My mother passed to her eternal reward May 2010 in her 90th year, my husband Mickey McEvoy predeceased her aged 74 years in August 2009.
A lasting effect
I wrote an article titled A Lasting Effect in the third person (as Mam was still with us in 2001) and it was published in Senior Times issue April
2005. I also worked a few paintings in acrylics titled Before and After the Cull depicting Cooley without mountain or lowland sheep after the outbreak there during 2001. The boy with his pet lamb is my son Lorcan as a 4 year-old with one the pet lambs that he reared on a bottle after it was orphaned.
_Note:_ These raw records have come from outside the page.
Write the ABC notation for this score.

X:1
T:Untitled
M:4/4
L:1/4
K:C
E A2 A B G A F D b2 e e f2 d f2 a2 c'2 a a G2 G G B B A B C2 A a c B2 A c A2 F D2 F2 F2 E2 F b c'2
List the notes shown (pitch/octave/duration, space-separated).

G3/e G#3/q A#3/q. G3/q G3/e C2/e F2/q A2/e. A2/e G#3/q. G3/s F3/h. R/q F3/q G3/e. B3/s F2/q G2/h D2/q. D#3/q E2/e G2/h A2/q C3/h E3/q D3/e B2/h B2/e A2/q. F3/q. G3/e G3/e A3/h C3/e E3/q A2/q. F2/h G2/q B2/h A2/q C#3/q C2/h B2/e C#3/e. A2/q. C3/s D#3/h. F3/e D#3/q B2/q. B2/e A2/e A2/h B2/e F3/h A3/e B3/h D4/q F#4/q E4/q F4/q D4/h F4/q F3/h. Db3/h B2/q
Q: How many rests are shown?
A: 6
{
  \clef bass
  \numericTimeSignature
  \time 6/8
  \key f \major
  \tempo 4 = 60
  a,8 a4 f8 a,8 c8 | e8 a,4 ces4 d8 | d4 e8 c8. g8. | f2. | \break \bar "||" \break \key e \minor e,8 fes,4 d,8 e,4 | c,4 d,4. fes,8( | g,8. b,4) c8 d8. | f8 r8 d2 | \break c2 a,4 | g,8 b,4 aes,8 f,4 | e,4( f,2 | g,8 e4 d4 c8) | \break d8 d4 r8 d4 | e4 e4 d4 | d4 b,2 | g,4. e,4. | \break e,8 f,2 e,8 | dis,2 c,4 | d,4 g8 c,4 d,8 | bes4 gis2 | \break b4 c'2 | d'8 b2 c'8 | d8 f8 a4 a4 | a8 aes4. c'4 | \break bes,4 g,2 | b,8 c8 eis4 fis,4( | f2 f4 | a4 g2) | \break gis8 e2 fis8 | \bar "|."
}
To be honest I more or less had put the Proleek outbreak to the back of my mind even though some sheep farmers in the Cooley area felt that they had been unfairly treated regarding compensation. My husband Mickey and I were present when this issue was on the agenda at several Co., Louth IFA Executive meetings for some time afterwards and with the passing of time I thought that things had been resolved. However on Saturday morning February 27th 2002 former Co., Chairman Matthew Mc Greehan when interviewed on Country Wide spoke of the lasting effect that the most recent outbreak of Foot and Mouth in Ireland had on sheep farming in the Cooley area twenty years afterwards!! I am sure that this Covid 19 pandemic will have a lasting effect on all surviving humans world- wide for years and years to come but hopefully due to vaccines things will improve soon.